Clarke Rosenberg (קלארק רוזנברג; born April 13, 1993) is an American-Israeli professional basketball player for Maccabi Kiryat Gat of the Liga Leumit. He plays the shooting guard and point guard positions. Rosenberg played college basketball at Chicago State.

==Personal life==
Rosenberg was born in Evanston, Illinois, and raised in Skokie, Illinois. He is the son of Jason and Sheila Rosenberg. His father Jason was born to Jewish parents, including Clarke's paternal grandmother, Irma Rosenberg. Clarke became a dual American-Israeli citizen in 2015.

==Basketball career==
At Evanston Township High School ('11), playing for the Wildkits, Rosenberg averaged 15 points, six rebounds, four assists, and three steals a game in his final season.

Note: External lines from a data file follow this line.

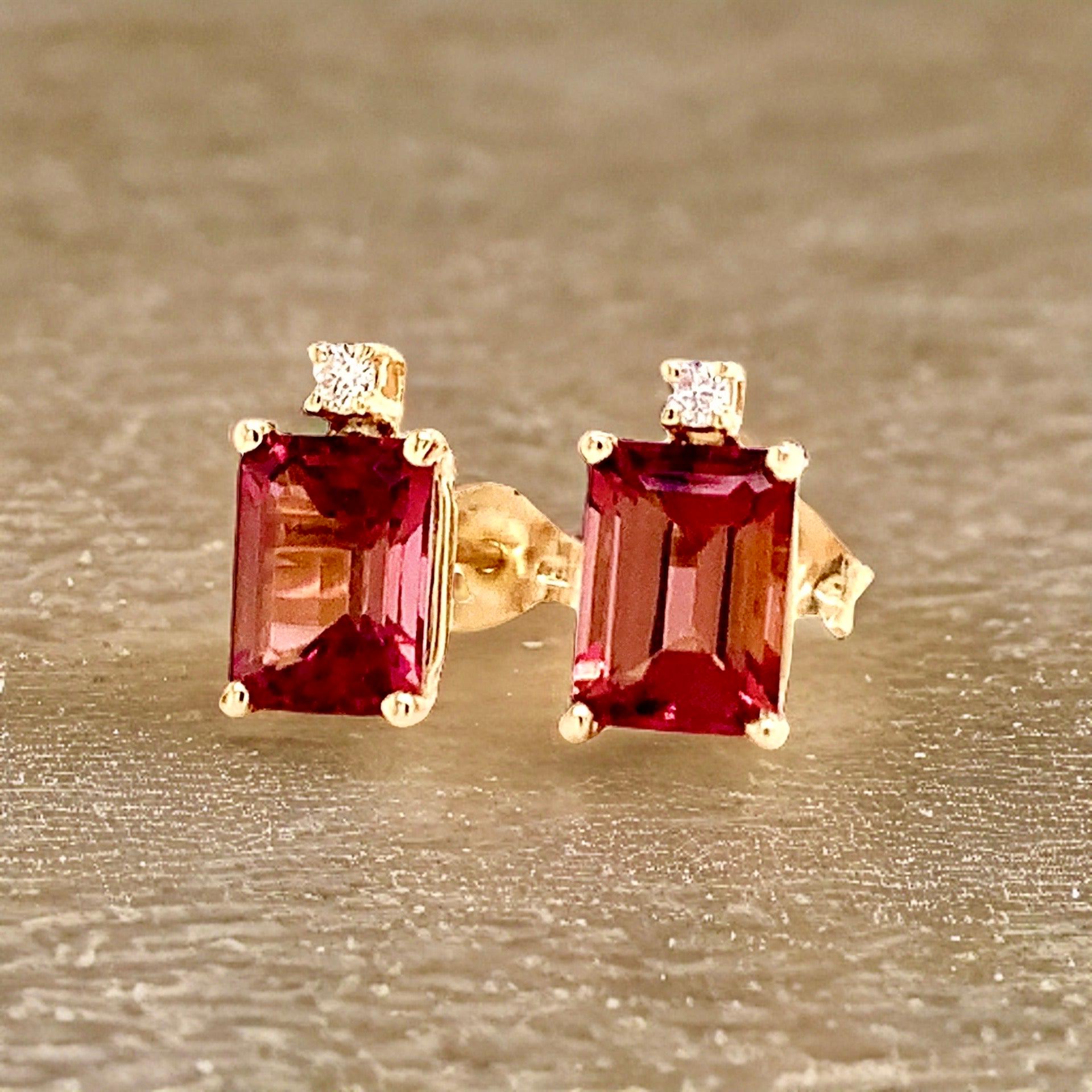 Orecchini con diamanti di tormalina naturale in oro 14k con 2,13 TCW certificati in vendita 6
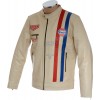 SALE - Steve McQueen GRAND PRIX HEUER Cream Leather Jacket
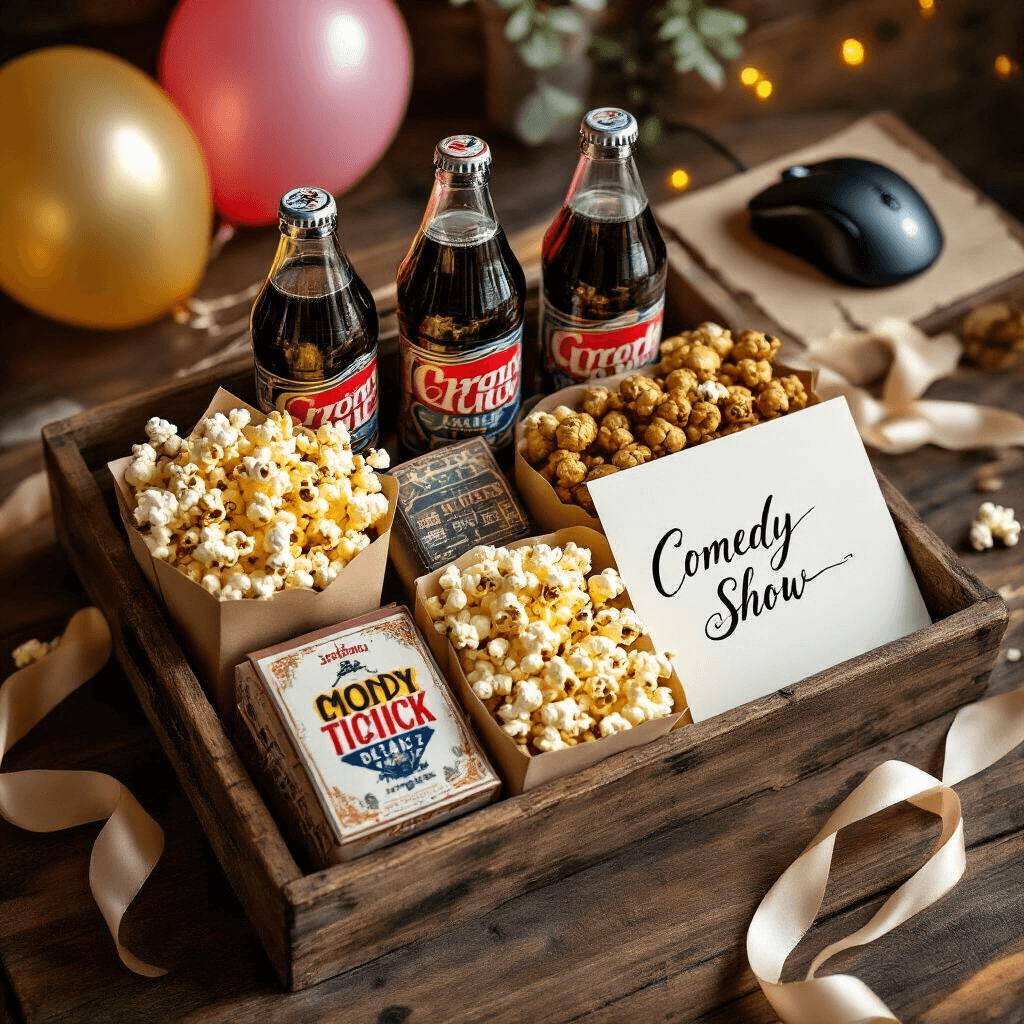 A beautifully arranged birthday hamper on a rustic wooden surface, showcasing craft sodas, gourmet popcorn in elegant packaging, a vintage gaming mousepad, comedy show tickets tied with silk ribbon, bright balloon accents, and a handwritten card in calligraphy, captured from an overhead angle in warm, golden hour lighting.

He then attended Chicago State University, where Rosenberg played for the Cougars and was the class of 2015. He was known as a playmaker and for a smooth shot. In his sophomore year in 2012-13, he led the Great West Conference in games (33) and was 8th in steals (36). In his junior year in 2013-14 he ranked sixth in the Western Athletic Conference in steals per game (1.4), eighth in free throw percentage (.750), and averaged 14 points per game. In his senior year in 2014-15 he averaged 15 points per game, and was 8th in the WAC in steals per game (1.2) and 10th in free throw percentage (.672).

Rosenberg played for Hapoel Be'er Sheva in the Israeli Basketball Premier League in 2020.